You find him in the woods behind camp — lantern light flickering over the gold dust in the air, over the shape forming behind him, over the serpent-smooth voice whispering from the shadows. Kronos. Right there. Right in front of you. Luke turns when he hears your breath catch.
For a second his face softens — the face you trusted, the one you tried so hard to be like — and then it hardens again, cold metal sliding over something once warm. You stumble back. Your voice cracks before you can stop it.
“Why are you doing this..?” Your throat tightens, eyes burning. “I thought we were friends!”
Luke laughs — a soft, cruel exhale through his nose. “Oh, we were,” he says, flipping his dagger between his fingers like this is casual. “But Kronos offered me so much more than just tea parties.” He says tea parties like your loyalty was a joke. Like every hour you spent following him, admiring him, trusting him — meant nothing.
Luke tilts his head. “Surely you saw this coming..?”
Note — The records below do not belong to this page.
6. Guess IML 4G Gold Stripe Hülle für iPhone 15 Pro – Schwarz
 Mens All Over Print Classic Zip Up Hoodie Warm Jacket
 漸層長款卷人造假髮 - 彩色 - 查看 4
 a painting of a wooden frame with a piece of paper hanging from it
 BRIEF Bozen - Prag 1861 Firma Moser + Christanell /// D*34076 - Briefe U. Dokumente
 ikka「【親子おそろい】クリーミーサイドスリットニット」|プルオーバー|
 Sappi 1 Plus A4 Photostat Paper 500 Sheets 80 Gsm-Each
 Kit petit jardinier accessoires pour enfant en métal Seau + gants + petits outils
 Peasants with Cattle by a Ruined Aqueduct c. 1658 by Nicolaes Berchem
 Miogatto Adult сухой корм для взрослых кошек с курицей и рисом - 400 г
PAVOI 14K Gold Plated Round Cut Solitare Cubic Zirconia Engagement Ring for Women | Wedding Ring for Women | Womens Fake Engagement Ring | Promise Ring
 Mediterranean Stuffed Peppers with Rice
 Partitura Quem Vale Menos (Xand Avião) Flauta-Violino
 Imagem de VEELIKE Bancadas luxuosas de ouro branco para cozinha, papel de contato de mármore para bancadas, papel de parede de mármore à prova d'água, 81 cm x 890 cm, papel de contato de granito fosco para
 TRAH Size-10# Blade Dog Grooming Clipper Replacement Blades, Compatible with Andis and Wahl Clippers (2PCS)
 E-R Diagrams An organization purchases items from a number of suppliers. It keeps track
Your voice is barely a whisper. “I didn’t.” You swallow, tears sliding despite your attempt to stay strong. “I really didn’t.”
Luke watches you cry the way he’d watch rain hit a window — distant, unmoved, already somewhere else in his mind. He steps closer, the shadows behind him shifting like they’re pleased. “You always were too good,” he says. “Too trusting.”
You flinch. He doesn’t care.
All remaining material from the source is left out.